金属粉末を用いたレーザー粉末床溶融結合(L-PBF)法は,従来製造法で不可能な三次元複雑形状の部材を製造できる。その3Dプリンタで製造された金属造形体は,レーザー照射による超急冷凝固(1秒間に100万度以上の速さで液体金属が固体になる現象)を通じて造られる。
研究は,金属造形体の材料組織が非常に微細な構造を持つだけでなく,これまでにない非平衡状態であることに着目した。この金属3Dプリンタによる非平衡状態の創出は,軽量金属材料の代表であるアルミニウム(Al)の性能を飛躍的に向上させるだけでなく,従来の常識とは異なる物性を生み出すことも明らかにしてきた。
一般に,アルミニウムへのFe元素の添加は素材を脆くし,大気中での劣化を促進するため避けられている。しかしFeを含んだアルミニウムの3Dプリンタ造形体は,平衡状態よりも遥かに高濃度のFe元素を含む非平衡状態で,微細な準安定相を持つため,常温で比較的高い強度を有することを明らかにしてきた。

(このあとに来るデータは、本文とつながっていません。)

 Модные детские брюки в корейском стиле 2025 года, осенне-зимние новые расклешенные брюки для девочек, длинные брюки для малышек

このようなアルミニウムの常識と異なる発見に着想を得て,未踏の物質探索空間であるAlとFe等の遷移金属元素の組み合わせを利用し,3Dプリンタに適用する新たな材料設計原理の構築を目指している。
研究では,金属3Dプリンタにおける超急冷凝固を模擬した熱力学計算を用いて,準安定相を安定化させるマンガン(Mn)元素を組み合わせたAl-Fe-Mn合金を設計した。MnはFeと同じ遷移金属で,アルミニウムにしばしば添加される元素。
高い強度のアルミニウムは金属3Dプリンタによる製造が困難であることが知られているが,設計合金は比較的幅広い製造条件で3Dプリントすることができ,優れた製造性を持つことがわかった。

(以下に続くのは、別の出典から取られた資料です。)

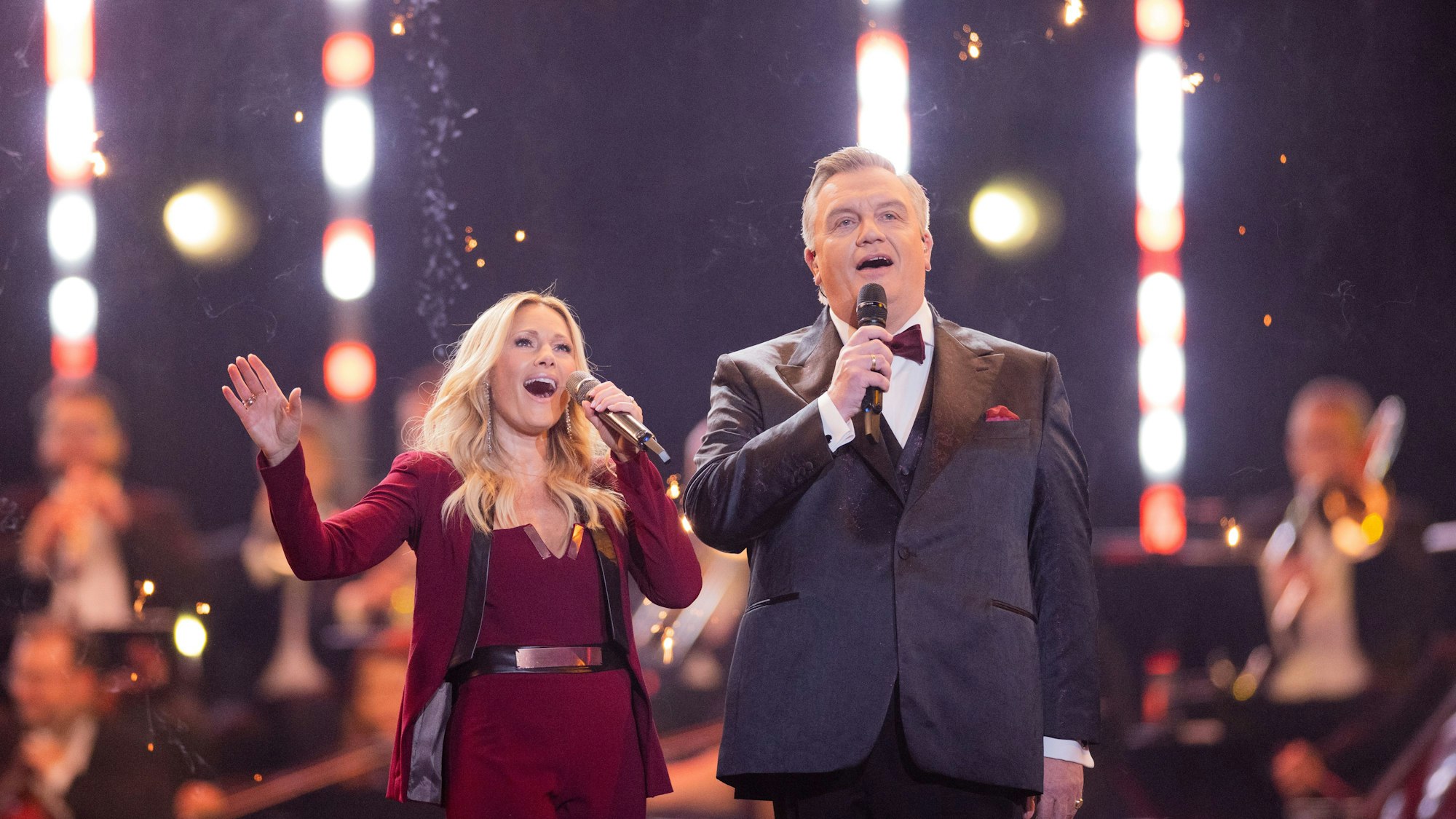 PRODUKTION - 07.12.2024, Nordrhein-Westfalen, Düsseldorf: Sängerin Helene Fischer und Sänger und Schauspieler Hape Kerkeling stehen bei der Aufzeichnung der Helene-Fischer-Show auf der Bühne. Die Sendung wird am 25.12.2024 im ZDF ausgestrahlt. (zu dpa: «Das hat Helene Fischer für ihre Weihnachtsshow vorbereitet») Foto: Rolf Vennenbernd/dpa +++ dpa-Bildfunk +++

また電子顕微鏡観察から,高濃度のMn元素が準安定相の内部に存在し,準安定相を安定化していることがわかった。設計合金の3Dプリンタ造形材は,従来のアルミニウムより200°C以上の高温にて遥かに高い降伏強度を示すだけでなく,世界で開発されているアルミニウムの3Dプリンタ造形体より優れている。この高温強度は,Mn元素による微細な準安定相の安定化に起因すると考えられるという。
研究グループはこの成果について,金属3Dプリンタ技術が複雑な形の金属部材を造るだけでなく,素材に高機能・多機能性をもたらすことを示したものだとしている。